I didn't have any cilantro or toasted cashews to serve with this, but it sure makes for a strangely tasty dish when mixed with the rice dish from yesterday. Although this recipe might scare away those of the meat persuasion, it's really filling, probably due to all of the fibre. My favourite part is that it's not too heavy on any strong flavours - I had feared the curry would dominate. Om nom nom!

Sunday, October 7, 2012

Crispy Topped Vegetable Bake

Recipe #94:

Oh, hello there again! Yes, I've fallen off the blogging (and cooking) wagon recently, but now I am back.

For those of us in Canada, it's Thanksgiving weekend as I write. As always, I am thankful for many things in my life, but, in particular, I am thankful for the bonds of family and friendship that exist across the miles that separate me from most of mine. This is the 3rd Thanksgiving in a row that I have missed with my family, and I miss them very much.

As with most holidays, The Meatatarian and I don't really do much to celebrate them unless we have guests or are guests elsewhere at the time. I bought some turkey pepperettes yesterday as my nod to the occasion, but we're mostly just eating random food. I did have some broccoli and cauliflower hulking in the fridge this week so I decided to try this recipe to use it up.

In addition to the 4 cups of each called for, I added about 1 1/2 cups of baby red potatoes. I cut them small so that they were approximately the same size as the cut broccoli and cauliflower. We did not have skim milk on hand so I used 1%, and I used regular mozzarella cheese since I find the light  or fat-free versions rather disgusting. I went with the microwave instructions for the sauce (bottom of Kraft page), but found that it was not nearly thickened enough after 4 minutes. I think I nuked it for about 8 minutes in total - 1 or 2 minutes, stir, repeat until satisfied. Somehow, I ended up with sauce all over my sweatshirt, oven mitt, forearm and even in my nose. Don't ask.
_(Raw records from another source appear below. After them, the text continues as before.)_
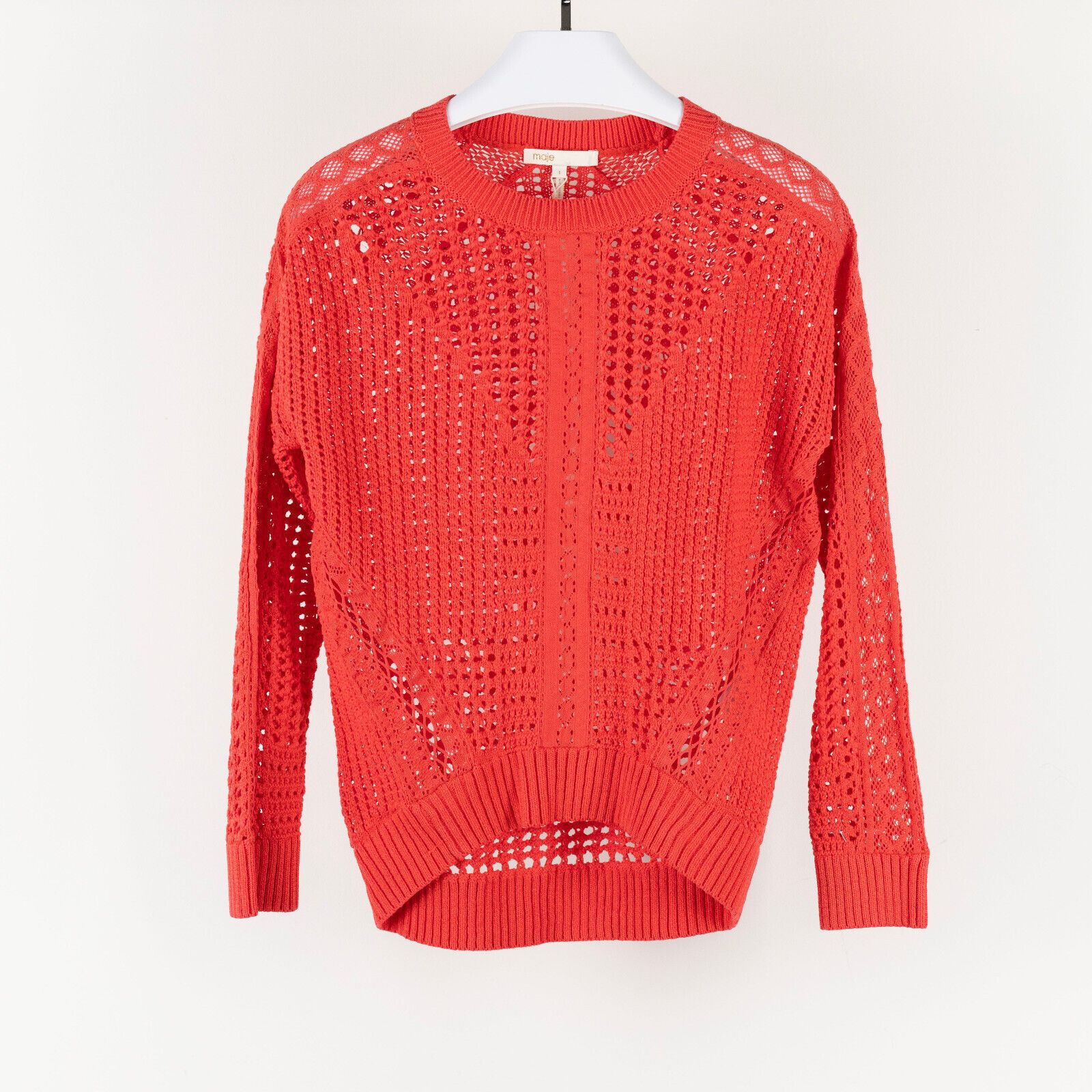 Maje Maje Women Mazet Open Knitwork Cotton Sweater Rouge Size 1/S Size S / US 4 / IT 40 - 4 Thumbnail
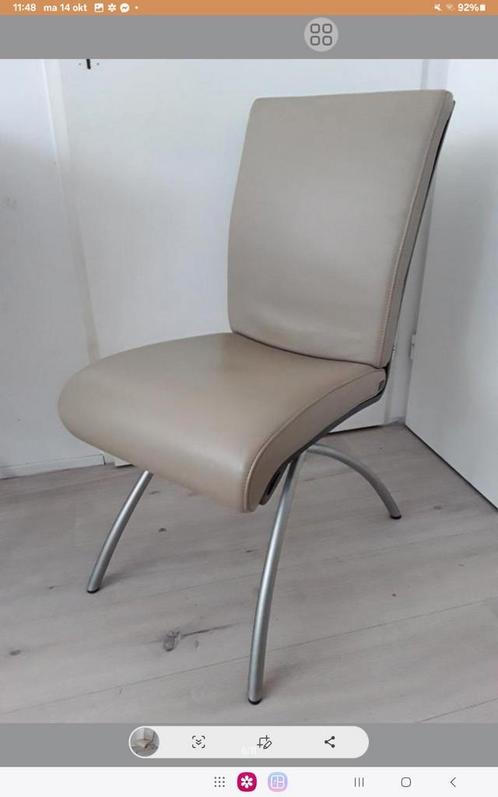 DESIGN ROLF BENZ 4X, TAUPEKLEUR LEER ONBESCHADIGD T.E.A.B., Huis en Inrichting, Stoelen, Zo goed als nieuw, Vier, Hout, Leer, Overige kleuren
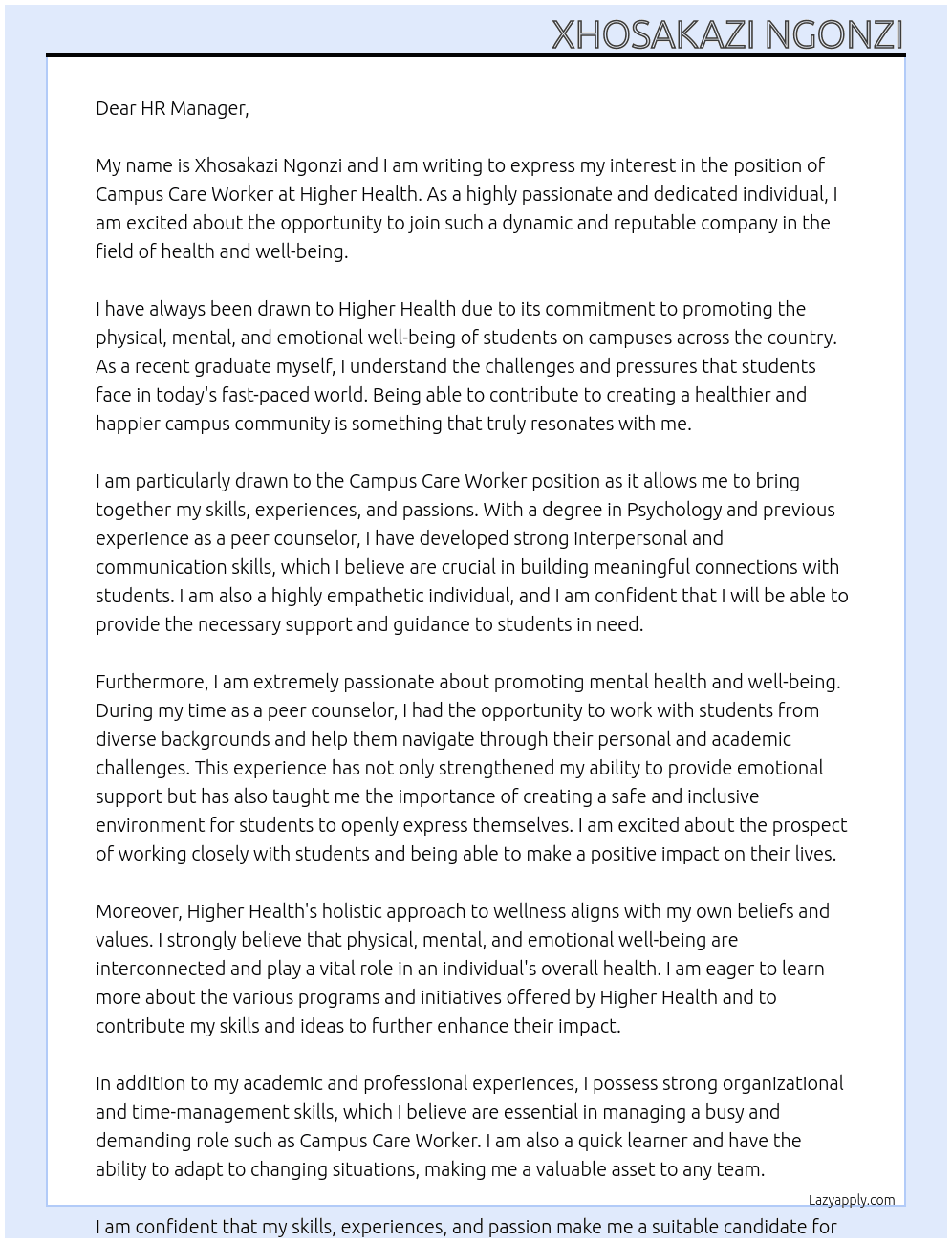 campus care worker At HIGHER HEALTH Cover Letter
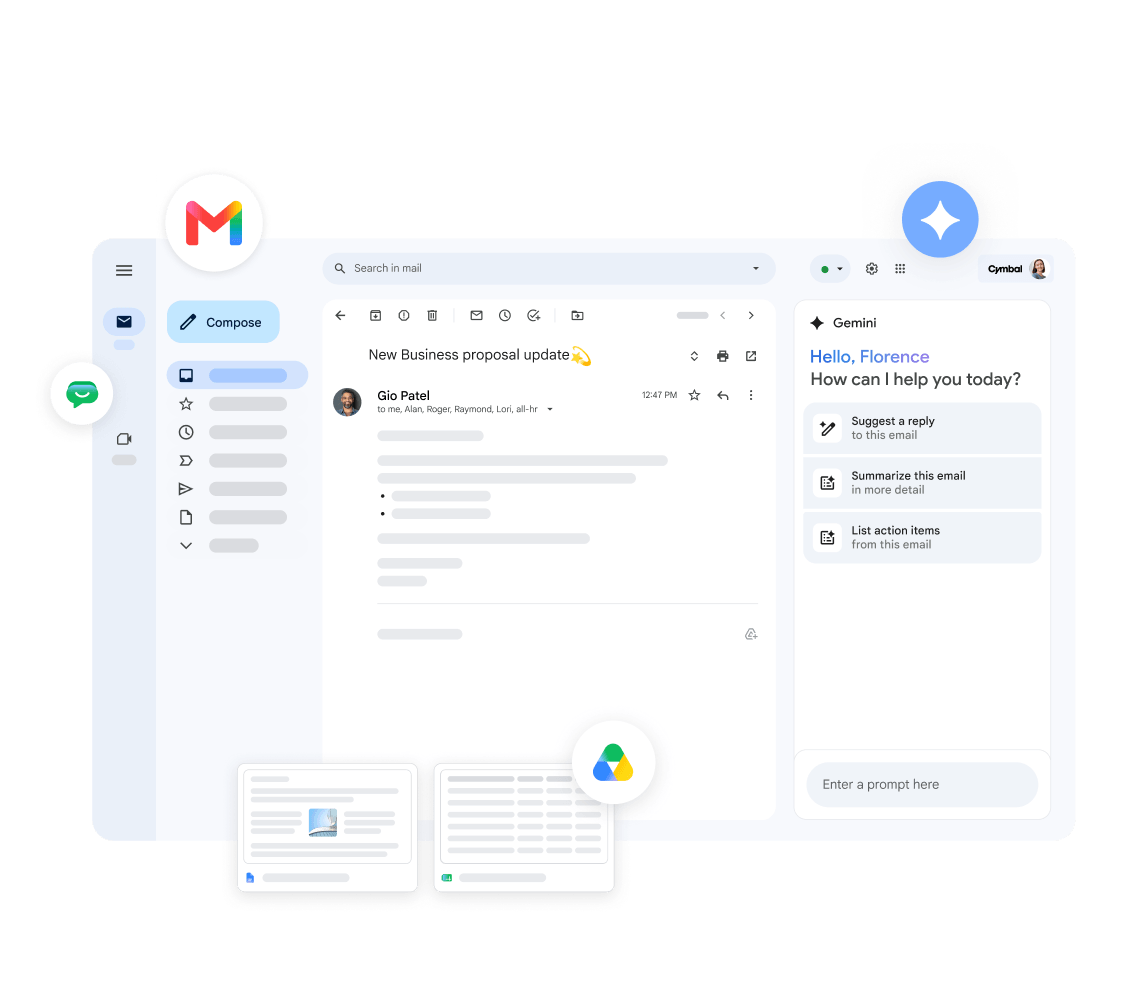 Gemini in Gmail suggests replies, summarises threads and pulls out action items.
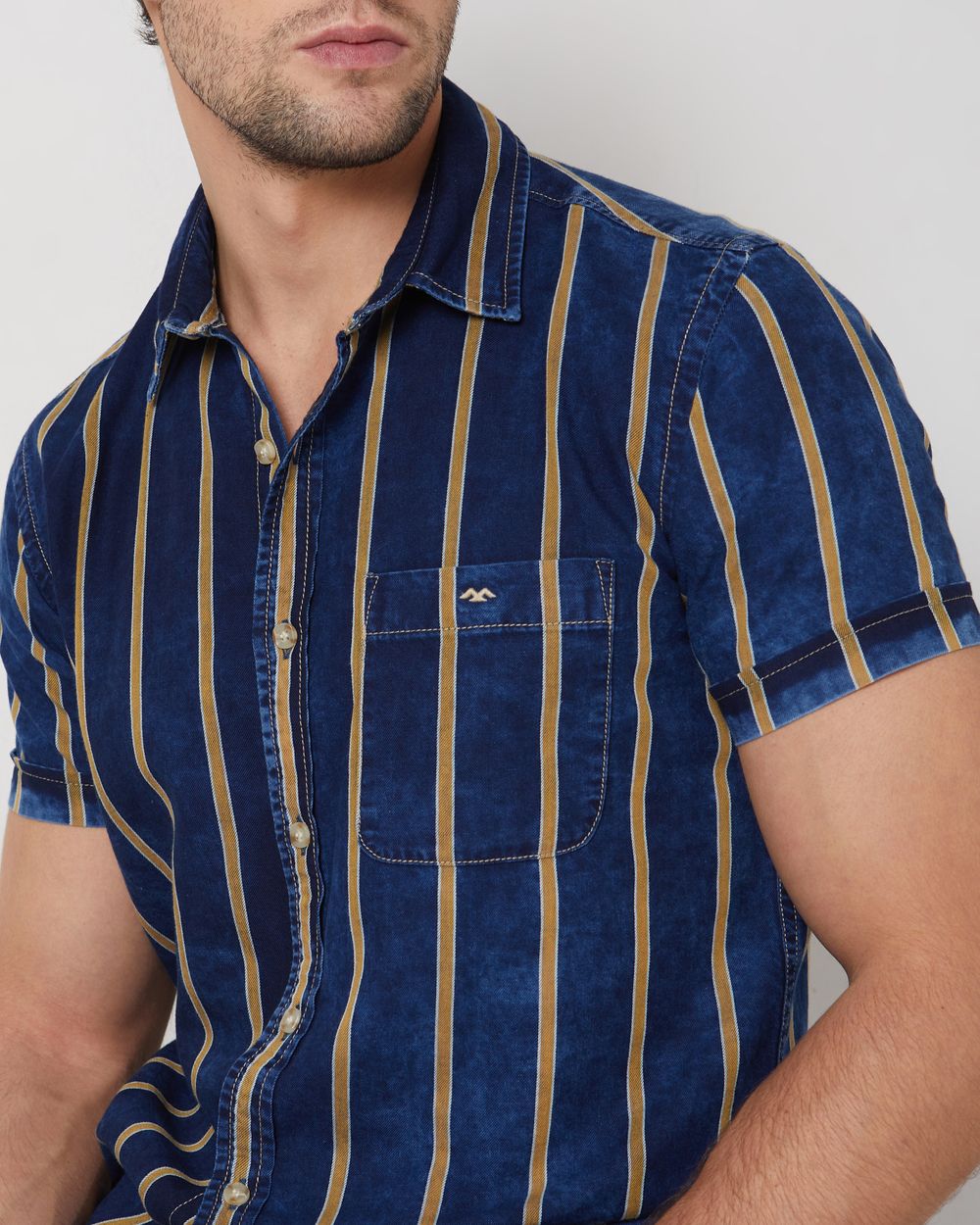 Indigo Blue Denim Stripe Slim Fit Casual Shirt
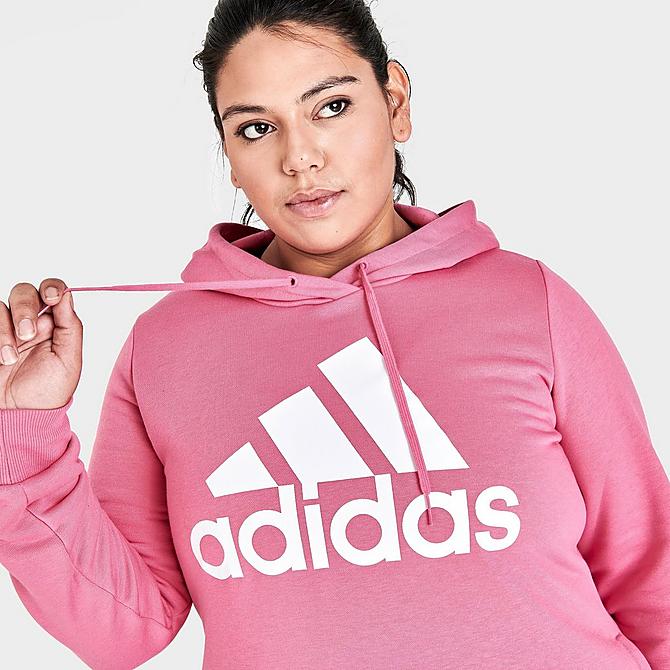On Model 5 view of Women's adidas Essentials Logo Hoodie (Plus Size) in Rose Tone/White Click to zoom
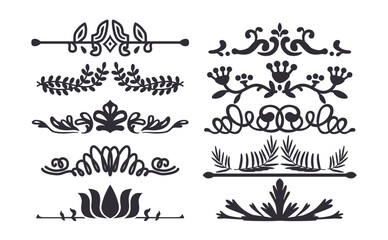 Decorative Black Vector Design Elements Set. Ornate Borders Or Dividers Add Visual Appeal, Define Sections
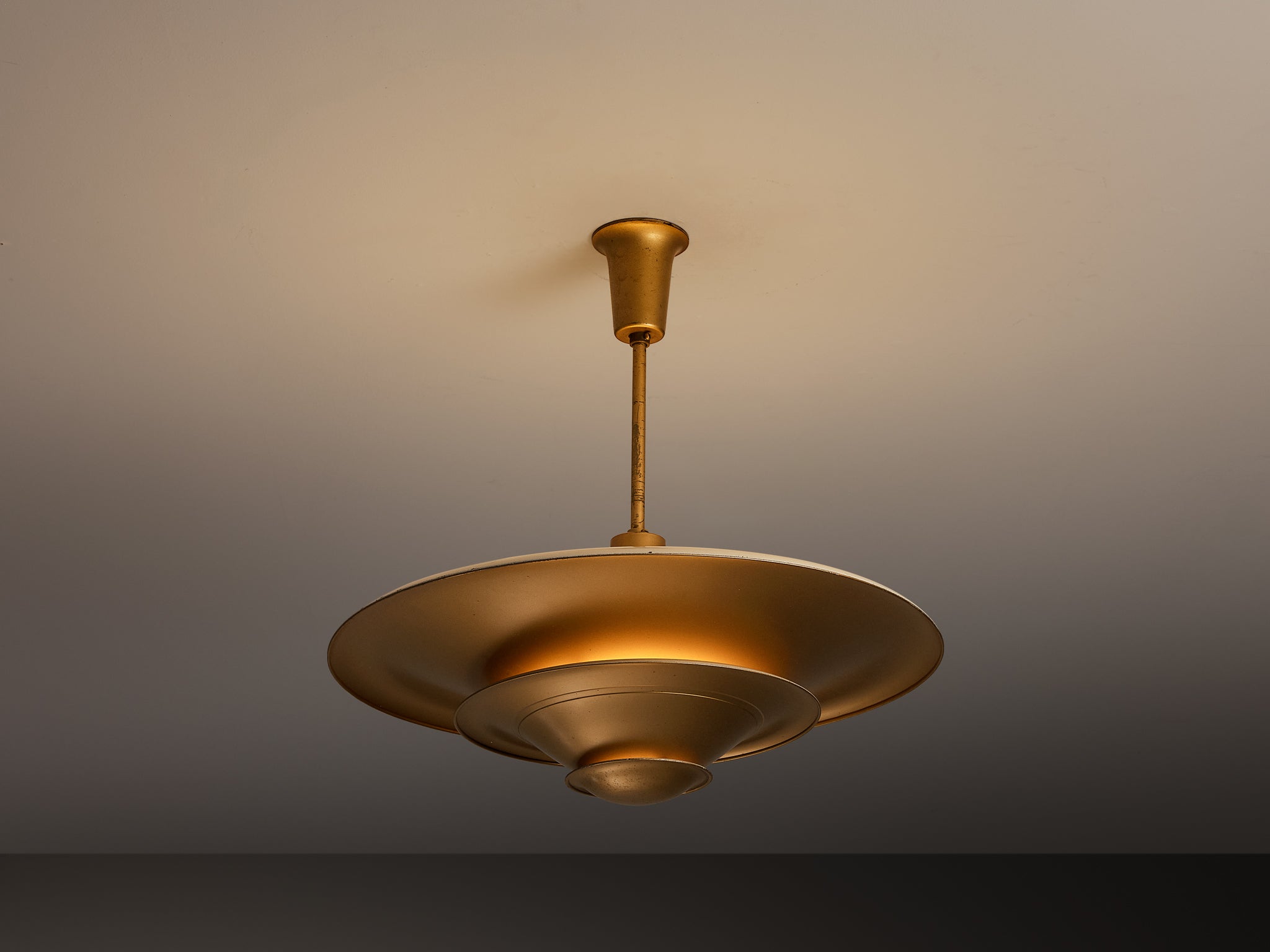 1930s Louis Poulsen Ceiling Light in Golden Painted Copper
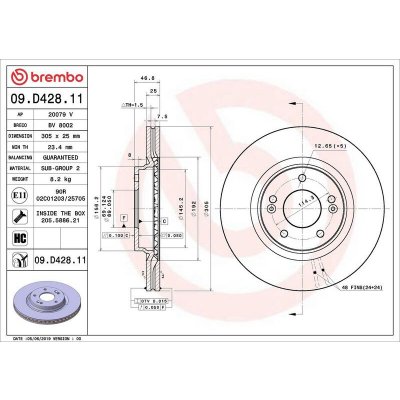 Brzdový kotouč BREMBO 09.D428.11 – Zbozi.Blesk.cz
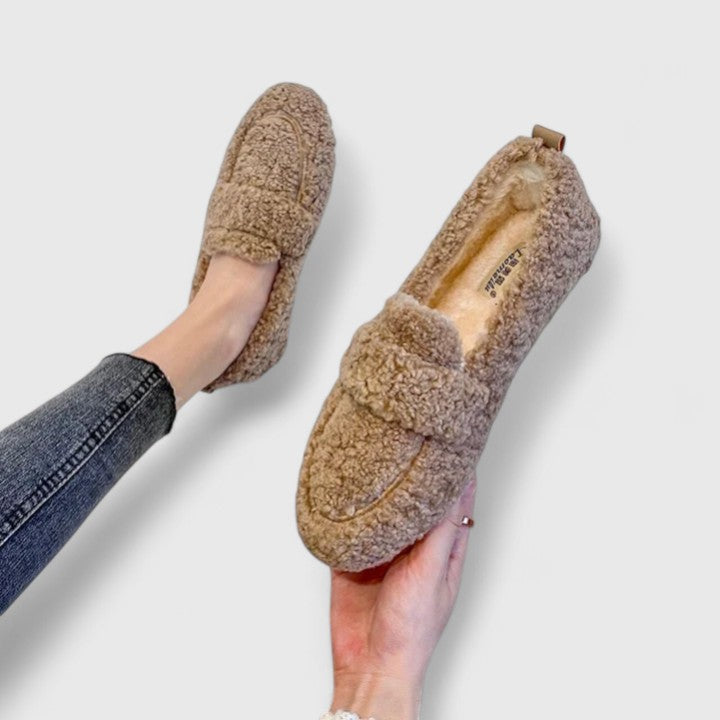 Chaussons Mocassins Doublés en Fausse Fourrure pour Femme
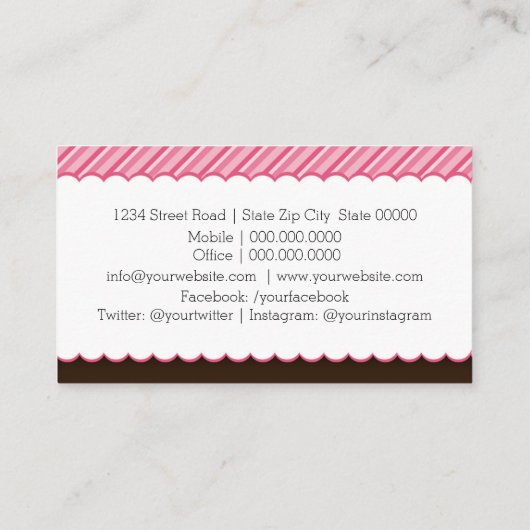 Catering en evenementen chocolade Geen Logo Visitekaartje (Achterkant)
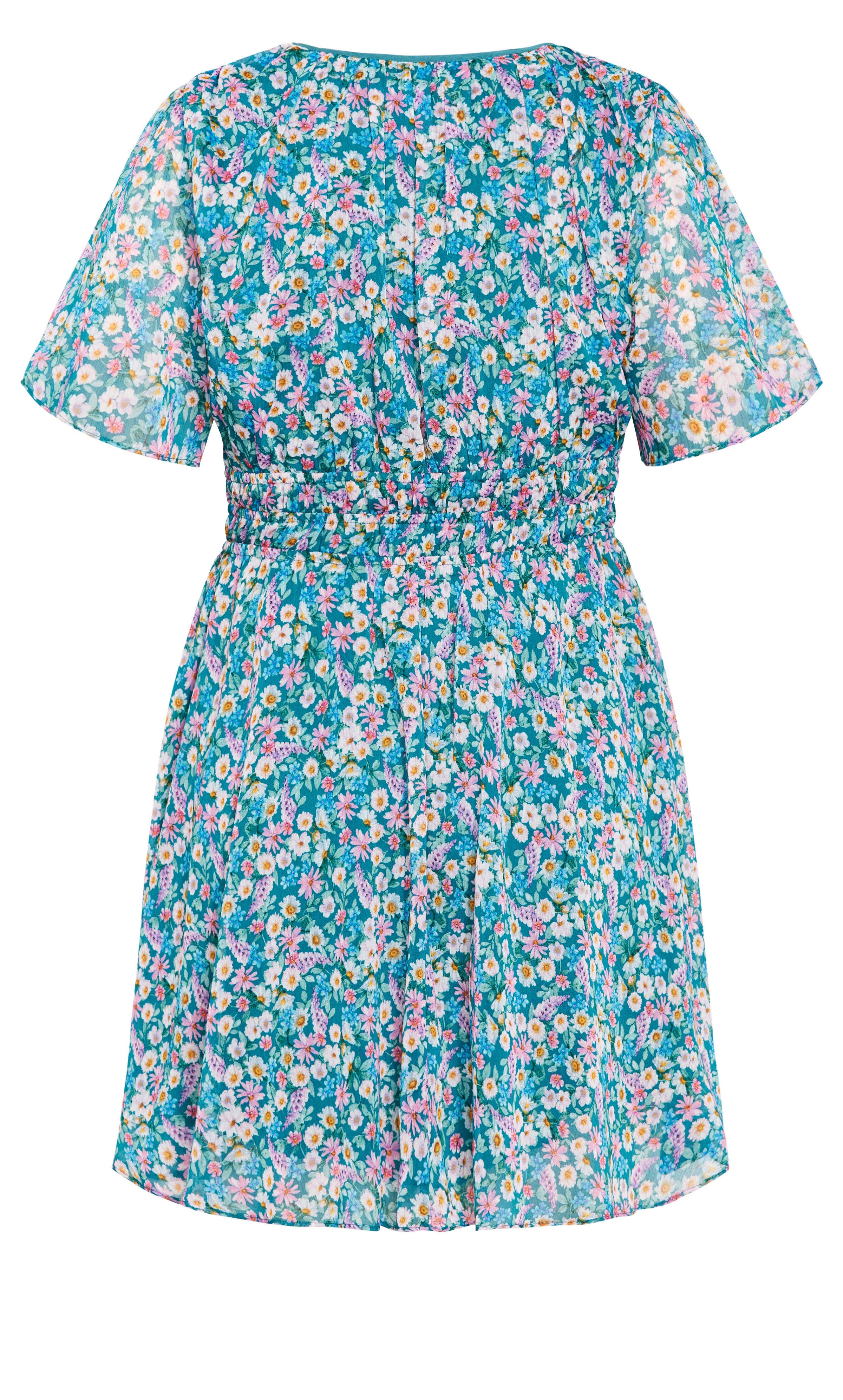 Cara Print Dress - teal, GREEN, alternate image number 4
I found the end product to be rather tasty although some of my potato pieces are slightly undercooked. Next time, I'll boil them for an extra few minutes before adding the cauliflower and broccoli. The stuffing on my version is a bit like hard clumps of crust in a few places - you might want to take the time (I lack the patience) to spread it more carefully before it goes in the oven. Regardless, we'll both eat this recipe so it's a way to get more vegetables into our bellies. That's what I consider to be success.